Today, we are proposing the creation of the Sia Foundation: a new non-profit entity that builds and supports distributed cloud storage infrastructure, with a specific focus on the Sia storage platform. What follows is an informal overview of the Sia Foundation, covering two major topics: how the Foundation will be funded, and what its funds will be used for.
The Sia Foundation will be structured as a non-profit entity incorporated in the United States, likely a 501(c)(3) organization or similar. The actions of the Foundation will be constrained by its charter, which formalizes the specific obligations and overall mission outlined in this document. The charter will be updated on an annual basis to reflect the current goals of the Sia community. The organization will be operated by a board of directors, initially comprising Luke Champine as President and Eddie Wang as Chairman. Luke Champine will be leaving his position at Nebulous to work at the Foundation full-time, and will seek to divest his shares of Nebulous stock along with other potential conflicts of interest. Neither Luke nor Eddie personally own any siafunds or significant quantities of siacoin.
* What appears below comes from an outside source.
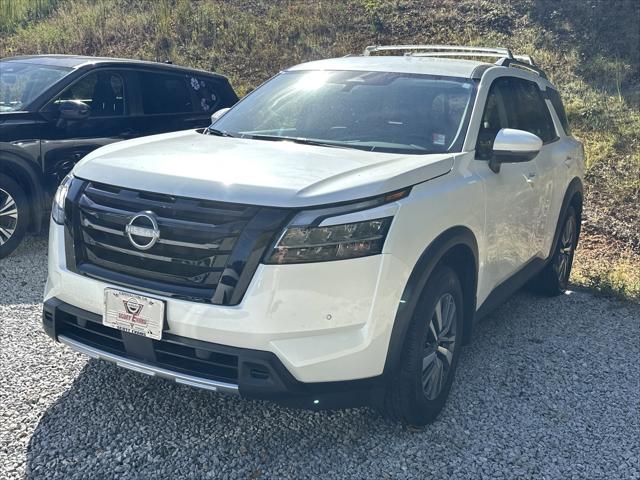 2024 Nissan Pathfinder SL FWD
The primary source of funding for the Foundation will come from a new block subsidy. Following a hardfork, 30 KS per block will be allocated to the "Foundation Fund," continuing in perpetuity. The existing 30 KS per block miner reward is not affected. Additionally, one year's worth of block subsidies (approximately 1.57 GS) will be allocated to the Fund immediately upon activation of the hardfork. As detailed below, the Foundation will provably burn any coins that it cannot meaningfully spend. As such, the 30 KS subsidy should be viewed as a maximum. This allows the Foundation to grow alongside Sia without requiring additional hardforks. The Foundation will not be funded to any degree by the possession or sale of siafunds. Siafunds were originally introduced as a means of incentivizing growth, and we still believe in their effectiveness: a siafund holder wants to increase the amount of storage on Sia as much as possible. While the Foundation obviously wants Sia to succeed, its driving force should be its charter. Deriving significant revenue from siafunds would jeopardize the Foundation's impartiality and focus. Ultimately, we want the Foundation to act in the best interests of Sia, not in growing its own budget.
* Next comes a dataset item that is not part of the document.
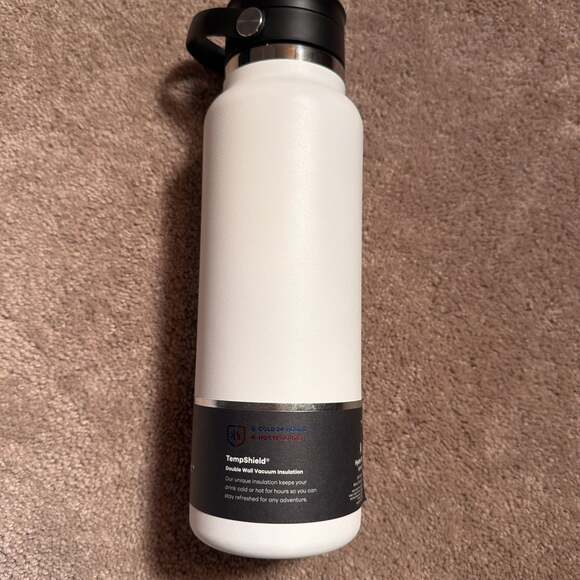 Hydro Flask 40oz Wide Mouth Water Bottle with Flex Cap White - Picture 5 of 8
The Foundation inherits a great number of responsibilities from Nebulous. Each quarter, the Foundation will publish the progress it has made over the past quarter, and list the responsibilities it intends to prioritize over the coming quarter. This will be accompanied by a financial report, detailing each area of expenditure over the past quarter, and forecasting expenditures for the coming quarter. Below, we summarize some of the myriad responsibilities towards which the Foundation is expected to allocate its resources.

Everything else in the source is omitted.